Top Secret Features (leopard)

fisha · February 14, 2007 5:54AM

Quote:

On that video I could only identify a few gesture derived from that capability

- point (basic mouse gesture)

- zoom (in or out)

- rotate (in screen or out of screen (tilt))

- anchor and move (keep one area or object stationary while moving another)

Pretty much exactly my thoughts. What more do you need to handle the simple things? There are already common universal methods that devices use to manage commands into the OS ( such as a mouse wheel and scrolling ) so why not simply apply a gesture to the same command.

I dont think it would be hard to do. In fact, i reckon you could even make it possible to implement simple gesture at the iSight. For example, in iChat and the moving backgrounds dont you just have to let it take a snapshot as a reference?, and then it'll figure out the moving sections and paint the image on the non-moving sections based on its snapshot.

It wouldn't be too hard for it to take a few reference samples of a hand gesture / movement and recognise them. Imagine scrolling... hand up towards ( not right on the screen though ) top corner, move smoothly down to bottom corner. motion tracking could follow that easily. it only has to be a gesture . . . not exact for the command to be recognised.

... a slightly further idea ... hand up towards the corner and with a finger pointed outwards, a little wiggle of the finger first which indentifies a gesture command ( OS could even place a red gesture icon/pointer glowing circle on screen as overlay to shows its picked up the gesture ) and then computer can track the original source point of the *wiggle* and see what the gesture is.

Then you could have 2 hand gestures for the zooming and rotating . . . 2 fingers, 2 wiggles, 2 red circles, 2 movements . . . 1 implemented action.

meelash · February 14, 2007 6:15AM

Quote:

Originally Posted by fisha

Pretty much exactly my thoughts. What more do you need to handle the simple things? There are already common universal methods that devices use to manage commands into the OS ( such as a mouse wheel and scrolling ) so why not simply apply a gesture to the same command.

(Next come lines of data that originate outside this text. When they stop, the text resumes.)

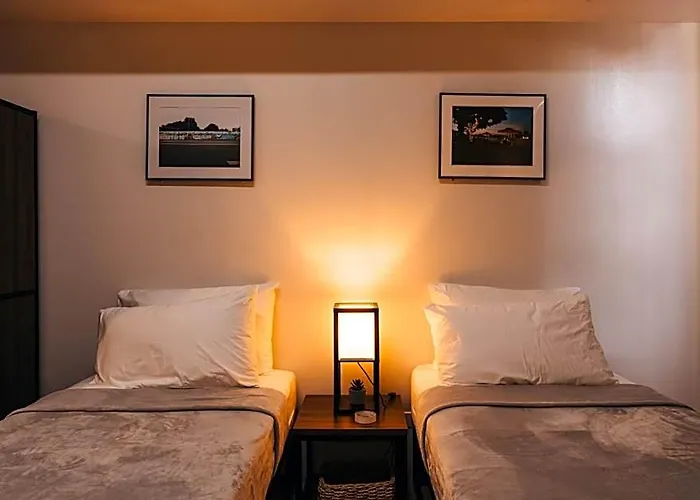Hotel The Flats Circuit Manila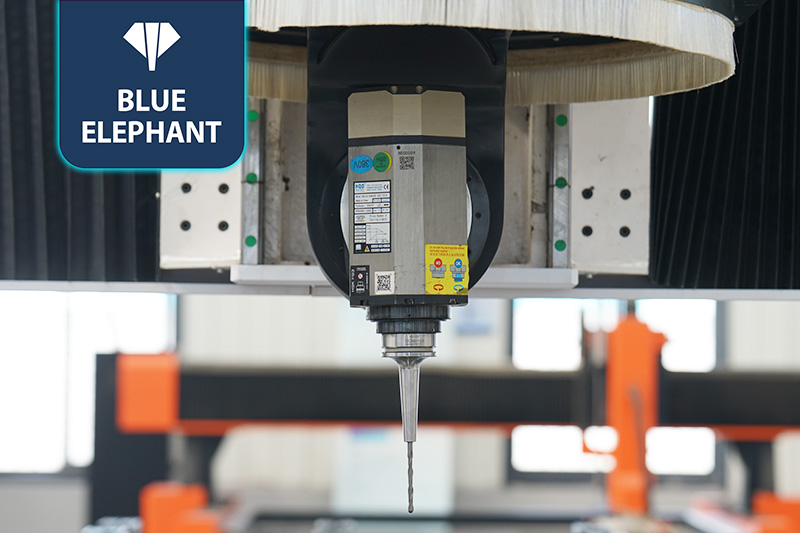 EW3动柱式五轴加工中心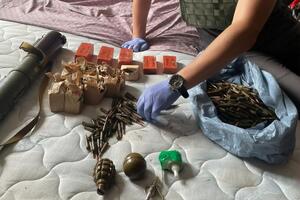 При обыске изъяты патроны и взрывные устройства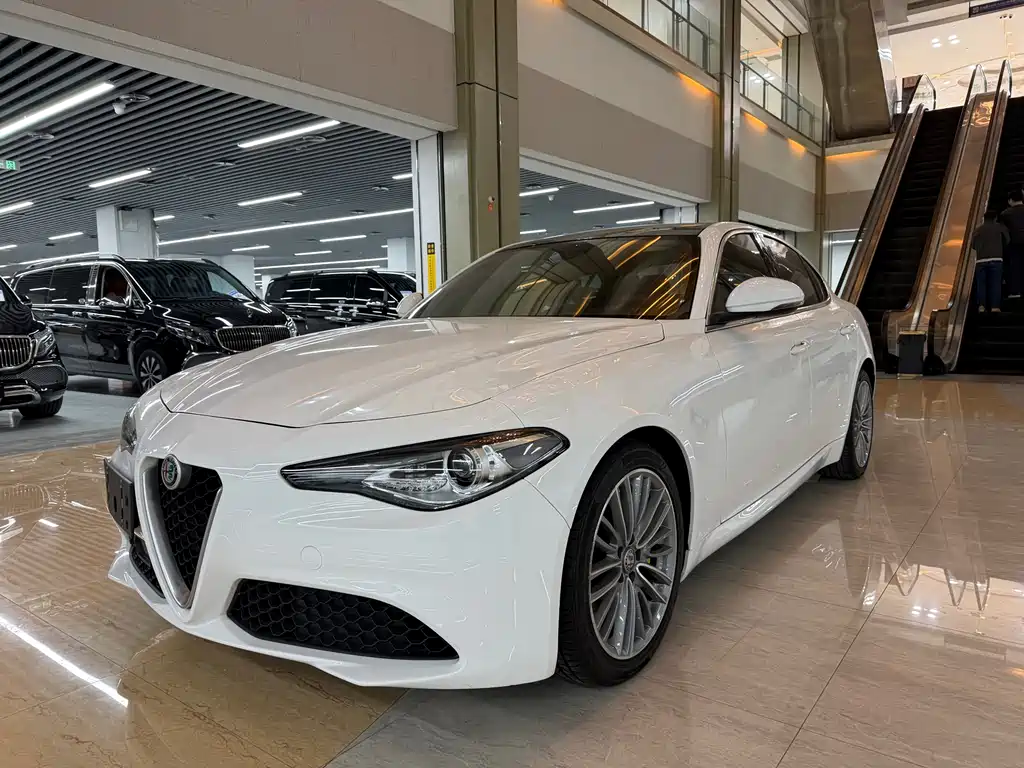 Alfa Romeo Giulia 2017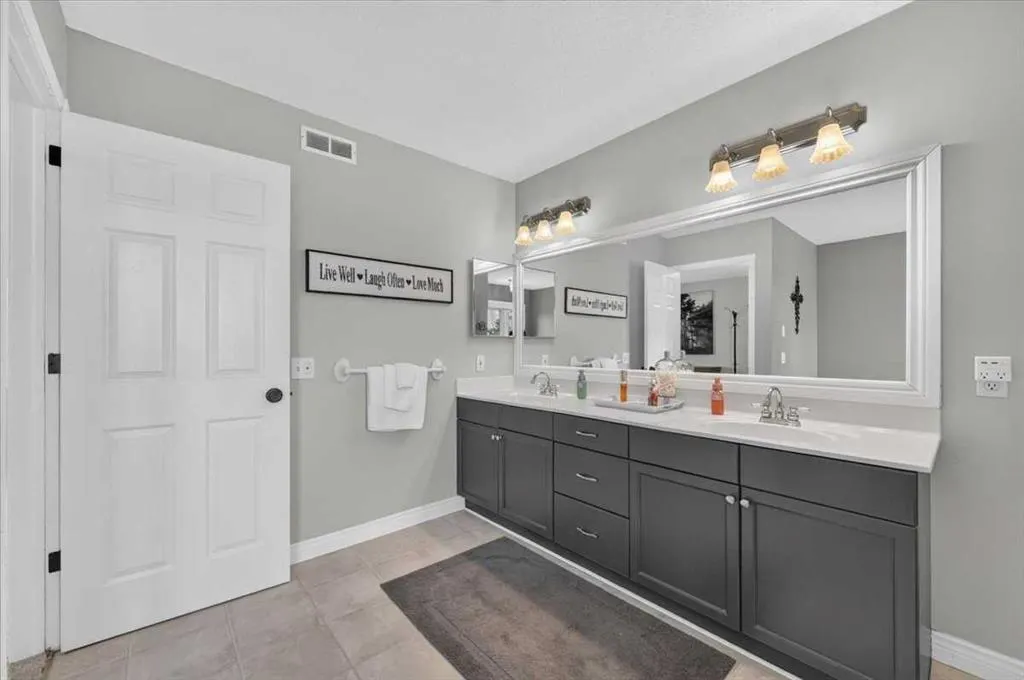 270055 Township Road 234A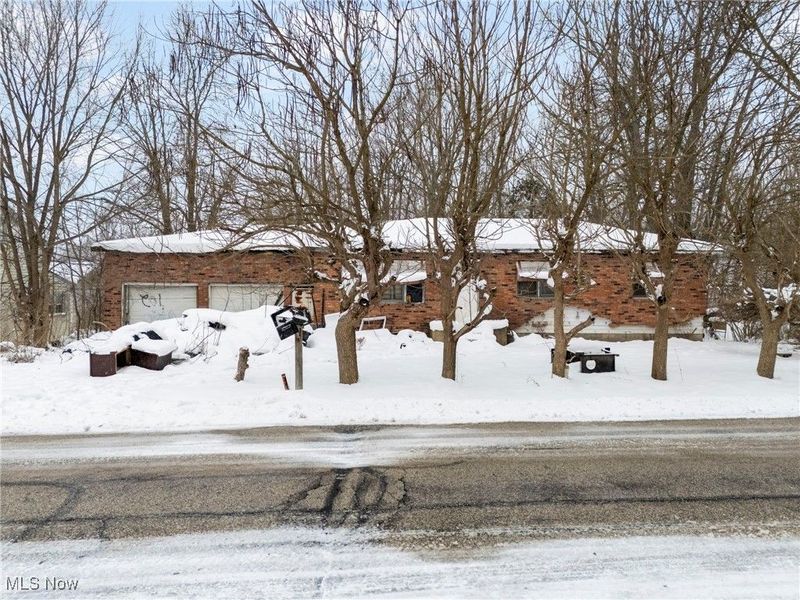 7202 Woodland Avenue, Chagrin Falls, OH 44023 Photo 1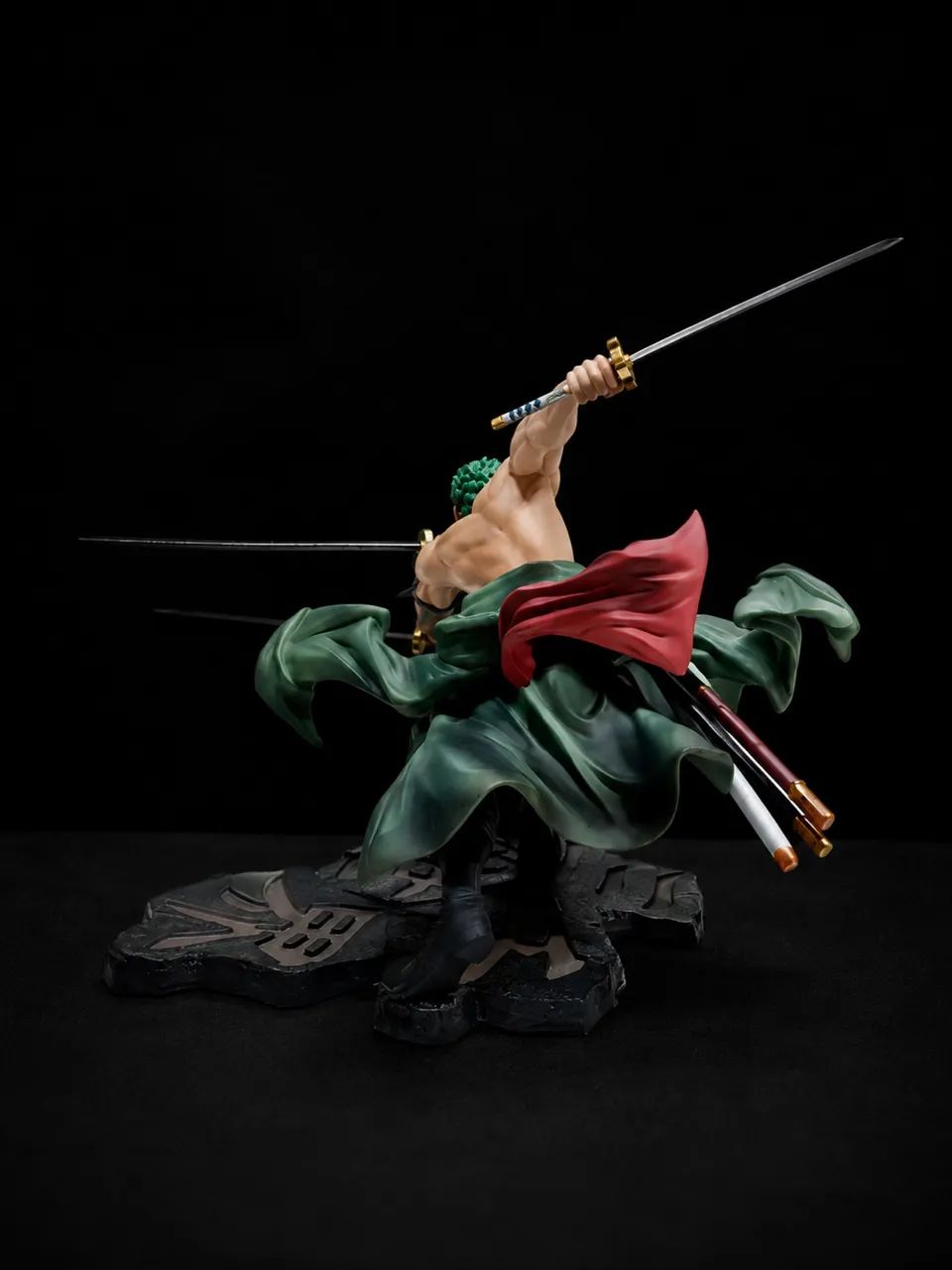 Action Figure Roronoa Zoro One Piece - Novo !! - Foto 2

I dont think it would be hard to do. In fact, i reckon you could even make it possible to implement simple gesture at the iSight. For example, in iChat and the moving backgrounds dont you just have to let it take a snapshot as a reference?, and then it'll figure out the moving sections and paint the image on the non-moving sections based on its snapshot.

It wouldn't be too hard for it to take a few reference samples of a hand gesture / movement and recognise them. Imagine scrolling... hand up towards ( not right on the screen though ) top corner, move smoothly down to bottom corner. motion tracking could follow that easily. it only has to be a gesture . . . not exact for the command to be recognised.

... a slightly further idea ... hand up towards the corner and with a finger pointed outwards, a little wiggle of the finger first which indentifies a gesture command ( OS could even place a red gesture icon/pointer glowing circle on screen as overlay to shows its picked up the gesture ) and then computer can track the original source point of the *wiggle* and see what the gesture is.

Then you could have 2 hand gestures for the zooming and rotating . . . 2 fingers, 2 wiggles, 2 red circles, 2 movements . . . 1 implemented action.

It's not really that easy to implement this using a camera. You are thinking it's simple because it comes so naturally to a human or animal, but we actually have very complicated "computers" and two eyes that enable us to perform gesture recognition and generally pick out and isolate solid objects in three dimensions. If Apple was able to easily implement this kind of recognition using only a single camera, it would be a huge deal in the robotics field...

fisha · February 14, 2007 6:56AM

Quote:

Originally Posted by meelash

It's not really that easy to implement this using a camera. You are thinking it's simple because it comes so naturally to a human or animal, but we actually have very complicated "computers" and two eyes that enable us to perform gesture recognition and generally pick out and isolate solid objects in three dimensions. If Apple was able to easily implement this kind of recognition using only a single camera, it would be a huge deal in the robotics field...

Its been perfectly possible with the eyeToy device for the PS2. A very simple example of the eyeToy was one where all you had to do was stand in front of the camera on top of the TV The screen showed a very faint overlay of what the camera saw ( i.e. you ) and then loads of bubbles floating around on the screen. All you had to do was wiggle your finger beside a bubble and it'd pop and make a little sound. This worked in full screen mode.

You example of having to co-ordinate onto a 3d point is too extreme and too accurate. All the camera has to do is to identify a relatively appropriate movement area which is changing rapidly in relation to its surroundings, the wiggle, which is fairly simple to implement in terms of image comparison. ( iChat already does similar by having the changable backgrounds - its comparing moving sections against realtive stationary sections )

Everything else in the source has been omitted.